Records supplied —

========

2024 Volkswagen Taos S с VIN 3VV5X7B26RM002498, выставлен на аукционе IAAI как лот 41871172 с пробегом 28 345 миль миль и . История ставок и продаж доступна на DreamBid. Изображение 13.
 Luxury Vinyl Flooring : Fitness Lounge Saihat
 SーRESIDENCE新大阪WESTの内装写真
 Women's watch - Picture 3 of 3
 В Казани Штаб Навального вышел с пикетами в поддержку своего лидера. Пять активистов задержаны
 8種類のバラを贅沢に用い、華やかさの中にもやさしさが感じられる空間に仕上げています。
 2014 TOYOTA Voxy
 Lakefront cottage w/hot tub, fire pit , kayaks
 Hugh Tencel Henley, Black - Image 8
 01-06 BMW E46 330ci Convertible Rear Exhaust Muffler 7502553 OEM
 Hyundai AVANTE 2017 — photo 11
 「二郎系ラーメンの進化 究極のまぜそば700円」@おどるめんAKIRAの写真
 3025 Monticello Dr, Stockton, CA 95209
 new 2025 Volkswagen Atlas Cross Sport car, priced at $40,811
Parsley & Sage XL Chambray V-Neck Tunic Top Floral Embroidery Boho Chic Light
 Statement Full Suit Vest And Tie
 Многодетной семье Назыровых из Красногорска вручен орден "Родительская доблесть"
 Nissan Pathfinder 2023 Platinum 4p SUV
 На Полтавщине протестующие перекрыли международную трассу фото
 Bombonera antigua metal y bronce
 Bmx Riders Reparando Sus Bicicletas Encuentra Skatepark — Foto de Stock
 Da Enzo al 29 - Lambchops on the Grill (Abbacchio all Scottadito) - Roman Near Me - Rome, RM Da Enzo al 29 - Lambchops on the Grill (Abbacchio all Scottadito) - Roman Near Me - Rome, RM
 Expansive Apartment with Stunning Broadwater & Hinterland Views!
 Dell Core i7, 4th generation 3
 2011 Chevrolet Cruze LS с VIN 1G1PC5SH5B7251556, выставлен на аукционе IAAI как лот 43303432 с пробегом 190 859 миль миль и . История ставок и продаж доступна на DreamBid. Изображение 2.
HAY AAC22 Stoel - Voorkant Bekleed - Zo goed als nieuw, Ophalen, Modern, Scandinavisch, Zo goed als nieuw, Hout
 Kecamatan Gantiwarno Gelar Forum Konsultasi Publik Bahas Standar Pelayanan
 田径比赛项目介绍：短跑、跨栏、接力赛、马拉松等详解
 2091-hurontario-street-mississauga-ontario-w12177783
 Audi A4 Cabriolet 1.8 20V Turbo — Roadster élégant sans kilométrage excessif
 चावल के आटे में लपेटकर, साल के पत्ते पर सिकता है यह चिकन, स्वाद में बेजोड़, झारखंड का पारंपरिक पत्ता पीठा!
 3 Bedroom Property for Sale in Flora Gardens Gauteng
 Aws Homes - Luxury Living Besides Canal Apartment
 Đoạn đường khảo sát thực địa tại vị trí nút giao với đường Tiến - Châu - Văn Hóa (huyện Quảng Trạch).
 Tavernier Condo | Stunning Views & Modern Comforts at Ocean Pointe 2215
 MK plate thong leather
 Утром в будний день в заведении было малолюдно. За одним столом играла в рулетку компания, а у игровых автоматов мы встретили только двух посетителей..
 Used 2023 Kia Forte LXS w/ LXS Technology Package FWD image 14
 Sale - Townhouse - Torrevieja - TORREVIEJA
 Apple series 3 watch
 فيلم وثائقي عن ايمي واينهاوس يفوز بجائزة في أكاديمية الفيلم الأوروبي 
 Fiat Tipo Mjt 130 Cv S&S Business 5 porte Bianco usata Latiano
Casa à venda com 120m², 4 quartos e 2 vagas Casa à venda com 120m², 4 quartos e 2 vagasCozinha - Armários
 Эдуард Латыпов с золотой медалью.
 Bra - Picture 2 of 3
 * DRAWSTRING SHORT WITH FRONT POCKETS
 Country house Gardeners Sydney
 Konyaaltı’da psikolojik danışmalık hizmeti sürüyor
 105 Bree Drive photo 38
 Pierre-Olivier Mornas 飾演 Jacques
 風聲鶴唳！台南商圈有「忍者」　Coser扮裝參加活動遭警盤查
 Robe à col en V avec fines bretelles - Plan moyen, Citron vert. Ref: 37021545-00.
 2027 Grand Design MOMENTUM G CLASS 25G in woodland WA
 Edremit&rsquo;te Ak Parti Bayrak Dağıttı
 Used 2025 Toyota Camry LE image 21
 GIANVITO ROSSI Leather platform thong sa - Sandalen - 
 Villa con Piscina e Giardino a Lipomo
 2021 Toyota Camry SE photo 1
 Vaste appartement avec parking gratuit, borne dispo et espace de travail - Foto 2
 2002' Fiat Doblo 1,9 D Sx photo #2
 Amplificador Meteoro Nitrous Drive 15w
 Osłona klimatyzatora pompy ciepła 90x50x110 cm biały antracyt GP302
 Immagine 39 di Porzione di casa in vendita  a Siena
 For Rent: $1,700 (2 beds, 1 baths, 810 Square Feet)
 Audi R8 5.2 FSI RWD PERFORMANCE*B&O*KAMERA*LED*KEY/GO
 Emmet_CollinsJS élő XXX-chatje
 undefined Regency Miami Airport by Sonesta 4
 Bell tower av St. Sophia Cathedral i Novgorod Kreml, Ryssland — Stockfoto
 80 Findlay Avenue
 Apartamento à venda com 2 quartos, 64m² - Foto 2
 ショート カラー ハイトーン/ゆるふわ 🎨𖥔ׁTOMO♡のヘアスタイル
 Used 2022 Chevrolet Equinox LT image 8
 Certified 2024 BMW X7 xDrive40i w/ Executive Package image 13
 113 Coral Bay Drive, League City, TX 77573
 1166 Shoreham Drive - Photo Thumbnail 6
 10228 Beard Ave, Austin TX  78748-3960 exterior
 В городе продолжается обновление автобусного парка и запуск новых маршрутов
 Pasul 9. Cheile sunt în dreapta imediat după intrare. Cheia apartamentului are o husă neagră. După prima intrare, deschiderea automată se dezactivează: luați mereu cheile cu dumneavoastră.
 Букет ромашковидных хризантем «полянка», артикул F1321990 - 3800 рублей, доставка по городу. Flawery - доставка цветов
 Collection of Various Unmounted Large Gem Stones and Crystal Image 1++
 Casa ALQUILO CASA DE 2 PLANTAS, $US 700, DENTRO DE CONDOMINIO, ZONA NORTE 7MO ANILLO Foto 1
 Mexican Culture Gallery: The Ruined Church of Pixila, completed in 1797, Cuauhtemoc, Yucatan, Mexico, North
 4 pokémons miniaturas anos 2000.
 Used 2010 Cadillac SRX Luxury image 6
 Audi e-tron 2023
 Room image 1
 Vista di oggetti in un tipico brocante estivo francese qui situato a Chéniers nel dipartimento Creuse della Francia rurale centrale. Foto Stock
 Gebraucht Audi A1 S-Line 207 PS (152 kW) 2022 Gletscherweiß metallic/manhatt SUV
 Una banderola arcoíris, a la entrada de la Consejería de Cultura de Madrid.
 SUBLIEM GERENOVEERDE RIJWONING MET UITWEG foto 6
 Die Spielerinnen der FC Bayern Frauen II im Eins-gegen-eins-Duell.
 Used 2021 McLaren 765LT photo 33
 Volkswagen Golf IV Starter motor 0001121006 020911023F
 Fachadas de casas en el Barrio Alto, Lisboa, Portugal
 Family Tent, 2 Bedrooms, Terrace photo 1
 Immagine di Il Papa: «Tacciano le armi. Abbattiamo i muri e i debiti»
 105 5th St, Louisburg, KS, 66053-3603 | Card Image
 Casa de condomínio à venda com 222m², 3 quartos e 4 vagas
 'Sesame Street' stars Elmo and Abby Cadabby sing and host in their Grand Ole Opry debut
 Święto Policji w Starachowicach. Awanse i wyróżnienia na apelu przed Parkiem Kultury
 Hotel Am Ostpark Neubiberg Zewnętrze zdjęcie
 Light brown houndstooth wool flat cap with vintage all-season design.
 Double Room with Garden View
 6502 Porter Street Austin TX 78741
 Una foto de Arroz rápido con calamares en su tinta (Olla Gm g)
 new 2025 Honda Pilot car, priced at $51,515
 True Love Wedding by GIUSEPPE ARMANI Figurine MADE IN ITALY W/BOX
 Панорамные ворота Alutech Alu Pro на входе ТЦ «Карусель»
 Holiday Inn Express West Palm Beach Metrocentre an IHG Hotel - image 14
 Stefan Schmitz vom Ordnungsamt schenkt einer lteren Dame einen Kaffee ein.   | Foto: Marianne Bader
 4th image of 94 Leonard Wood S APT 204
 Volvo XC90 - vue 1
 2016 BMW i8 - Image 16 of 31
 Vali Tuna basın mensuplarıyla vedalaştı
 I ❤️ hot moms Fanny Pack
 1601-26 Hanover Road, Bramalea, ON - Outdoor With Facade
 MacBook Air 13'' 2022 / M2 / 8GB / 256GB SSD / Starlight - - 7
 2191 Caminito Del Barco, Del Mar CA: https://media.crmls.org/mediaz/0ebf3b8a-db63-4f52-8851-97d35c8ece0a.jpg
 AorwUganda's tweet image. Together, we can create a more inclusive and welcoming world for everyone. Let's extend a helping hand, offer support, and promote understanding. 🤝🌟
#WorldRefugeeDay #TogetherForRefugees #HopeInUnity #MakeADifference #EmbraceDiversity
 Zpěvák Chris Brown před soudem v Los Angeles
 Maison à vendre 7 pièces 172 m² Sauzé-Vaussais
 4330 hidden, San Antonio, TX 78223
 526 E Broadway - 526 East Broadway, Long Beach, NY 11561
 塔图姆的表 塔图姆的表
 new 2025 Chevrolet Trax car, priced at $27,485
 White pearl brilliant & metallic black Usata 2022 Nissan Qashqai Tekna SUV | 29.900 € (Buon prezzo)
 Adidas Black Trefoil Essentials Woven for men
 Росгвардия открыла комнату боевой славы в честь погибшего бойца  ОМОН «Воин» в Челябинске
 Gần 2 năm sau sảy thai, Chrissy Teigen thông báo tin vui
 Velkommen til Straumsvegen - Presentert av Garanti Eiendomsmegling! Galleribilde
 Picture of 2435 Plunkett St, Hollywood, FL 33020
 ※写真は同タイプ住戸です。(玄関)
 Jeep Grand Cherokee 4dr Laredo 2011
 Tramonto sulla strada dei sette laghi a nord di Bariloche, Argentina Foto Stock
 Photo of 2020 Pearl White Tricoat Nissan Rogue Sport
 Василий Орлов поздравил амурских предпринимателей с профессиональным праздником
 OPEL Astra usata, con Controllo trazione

========

Copy out, word for word, the part of the entries above that begins at the line with "風聲鶴唳！台南商圈有「忍者」　Coser扮裝參加活動遭警盤查" and ends at the line with "Immagine 39 di", including both.

Task output —
 風聲鶴唳！台南商圈有「忍者」　Coser扮裝參加活動遭警盤查
 Robe à col en V avec fines bretelles - Plan moyen, Citron vert. Ref: 37021545-00.
 2027 Grand Design MOMENTUM G CLASS 25G in woodland WA
 Edremit&rsquo;te Ak Parti Bayrak Dağıttı
 Used 2025 Toyota Camry LE image 21
 GIANVITO ROSSI Leather platform thong sa - Sandalen - 
 Villa con Piscina e Giardino a Lipomo
 2021 Toyota Camry SE photo 1
 Vaste appartement avec parking gratuit, borne dispo et espace de travail - Foto 2
 2002' Fiat Doblo 1,9 D Sx photo #2
 Amplificador Meteoro Nitrous Drive 15w
 Osłona klimatyzatora pompy ciepła 90x50x110 cm biały antracyt GP302
 Immagine 39 di Porzione di casa in vendita  a Siena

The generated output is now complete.